SWBAT prove that triangles are similar and use properties of similar triangles to solve special right triangles. Students will understand properties of special right triangles and other similar polygons.

#### Big Idea

Students work in cooperative learning teams as they practice concepts and skills related to triangle similarity.

## Lesson Opener

10 minutes

Present the warm-up problem (5 minutes).  The warm-up problem for this lesson (found in the slide show) asks students to show that two angles are congruent using an angle relationship.  This could be part of a proof that two triangles are similar.

This lesson opener follows our Team Warm-up routine.

Motivate the lesson (3 minutes).  I planned this lesson to address mistakes that many students made on the previous quiz.  I told students that this lesson was their chance to ask questions and practice before the unit test.

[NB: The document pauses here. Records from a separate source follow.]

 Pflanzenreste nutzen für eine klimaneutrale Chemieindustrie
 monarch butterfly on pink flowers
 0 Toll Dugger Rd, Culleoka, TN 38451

Review learning targets and the agenda for the lesson (2 minutes).   Display the agenda and learning goals for the lesson as you distribute materials for the activity.  Ask students to read them over and invite questions.

## Practice

40 minutes

Before class, print the Triangle Similarity Review Practice Activity handout. Make one copy for every two students and cut into half-sheets.  You may want to make a few extra copies, in order to allow students to start over with a fresh sheet if they go down the wrong path.  Distribute the half-sheets to the teams.   Tell the students that they are work in pairs to complete the problems.

I used a Kagan Structure (Rally Coach).  My students learn the rules and roles for this mini-activity at the beginning of the school year, so it is a classroom routine.  The instructions are in the slide show.

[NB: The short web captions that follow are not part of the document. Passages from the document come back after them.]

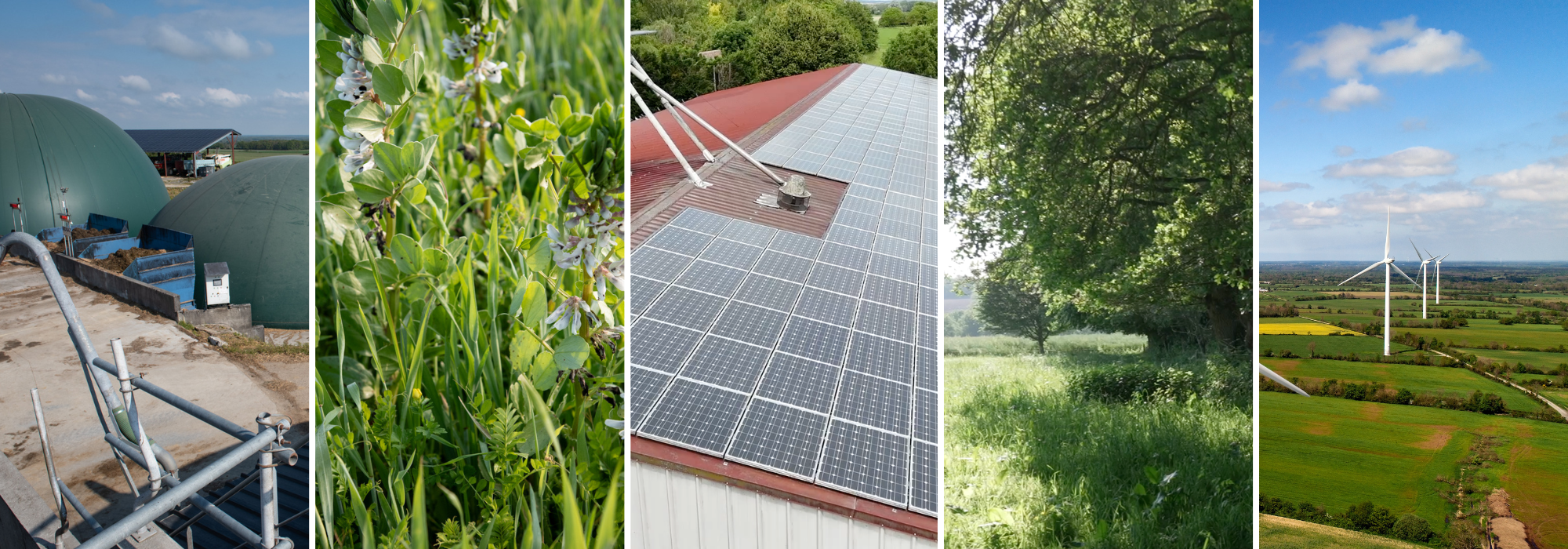 Images d'énergies renouvelables en agriculture (méthanisation, biogaz, biomasse, solaire photovoltaïque, bois energie, éolien)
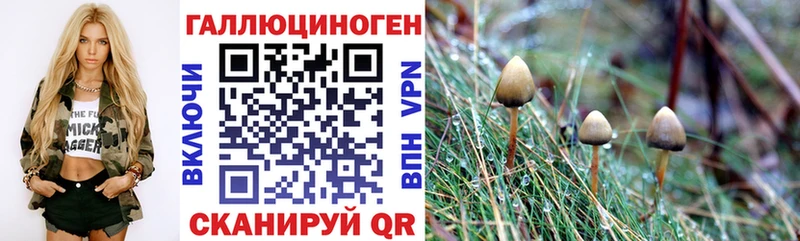 Галлюциногенные грибы GOLDEN TEACHER  купить   Отрадная 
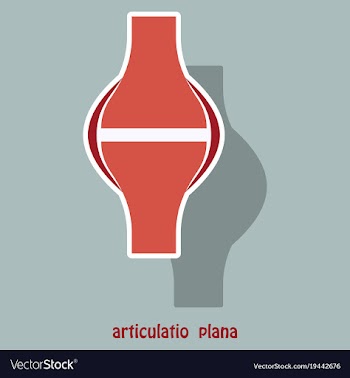 Knee joint health care icon sticker vector image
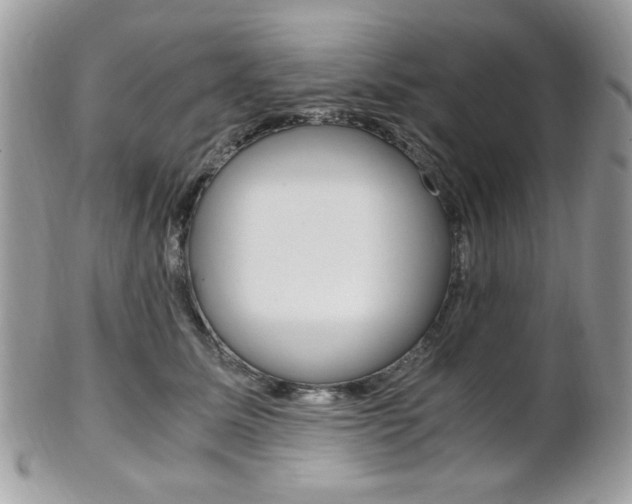 X0000101410611200807071008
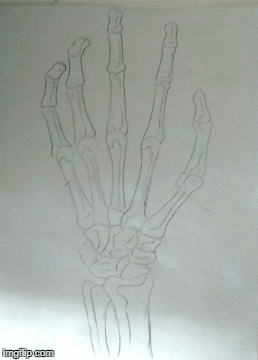 image tagged in gifs | made w/ Imgflip images-to-gif maker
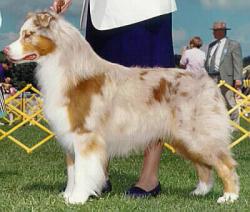 Photo du Chien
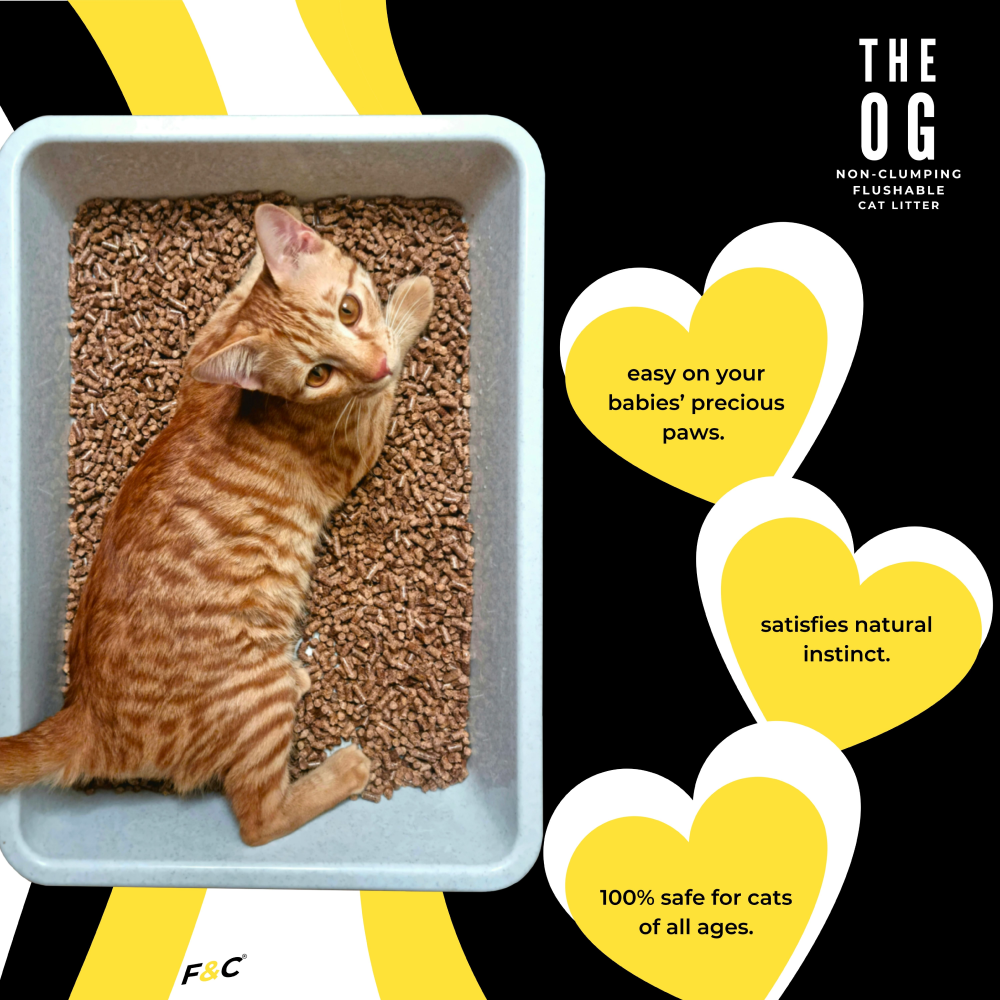 The OG Cat Litter 100% Biodegradable Flushable and Natural Litter for Cats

As students are working, circulate around the classroom.  Common problems to look for:

• Students may not use correct notation.

Have students practice solving special right triangles (15 minutes).   The practice activity is intended to be completed using individual white boards.  The problem set (found in the slide show)  is displayed using the document projector.  Problems are presented in pairs, allowing students to work at different speeds.  Students may choose to complete either the problem on the left or the problem on the right.  Ask students to write the number of the problem they completed.   Insist that students show their work, both to help you make corrections when necessary and so that they can explain their thinking to teammates who may need their help.  Students hold their whiteboards in the air when they are finished with a problem so that you can check it.  If students are working fast, they should complete both problems in each pair, but all students should concentrate on answering one problem of each pair correctly first.

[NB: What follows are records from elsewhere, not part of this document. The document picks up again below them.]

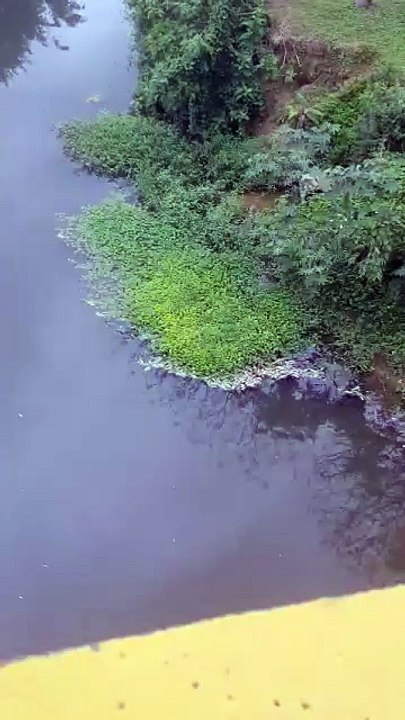 Peixes mortos em Jaraguá do Sul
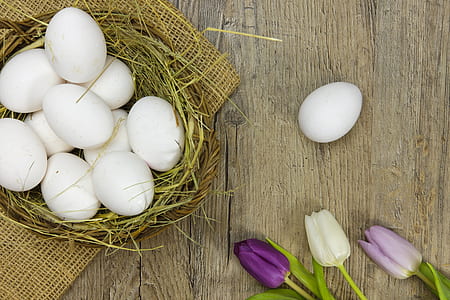 white eggs on nest beside flowers thumbnail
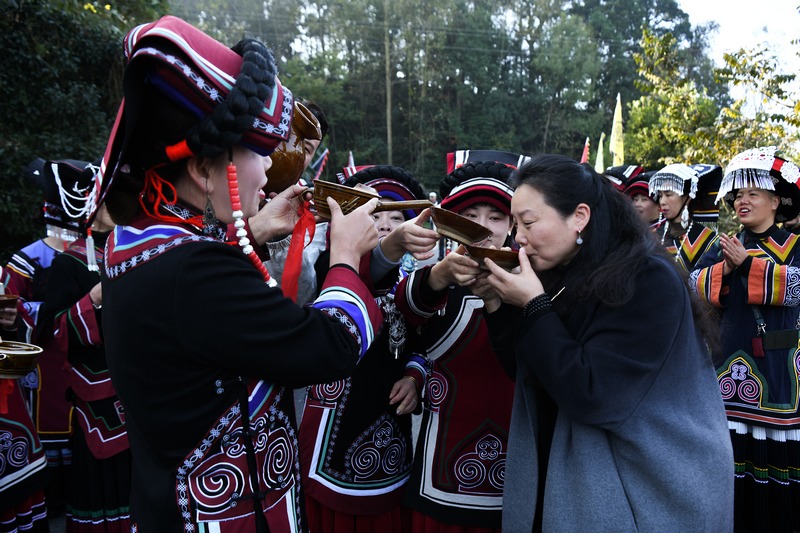 11月19日，在百里杜鹃管理区迎丰村，村民为前来参加彝族年的嘉宾送上拦门酒。李光辉摄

As students are working, circulate around the classroom.  Common problems to look for:

• Students who are confused may erase their work before you have time to come around and check it.  Ask those students to concentrate on working a single problem to completion and not to be concerned with how fast others are working.  Stay with a student if necessary, to give them support and ensure that they have success.

## Lesson Close

5 minutes

Have students reflect on the lesson in pairs and teams (5 minutes).  Students share in pairs, then in teams.  Teams report out by listing three important things they learned on the white board.

I used a Kagan Structure (Timed Pairs Share), with a few modifications.  The instructions are in the slide show.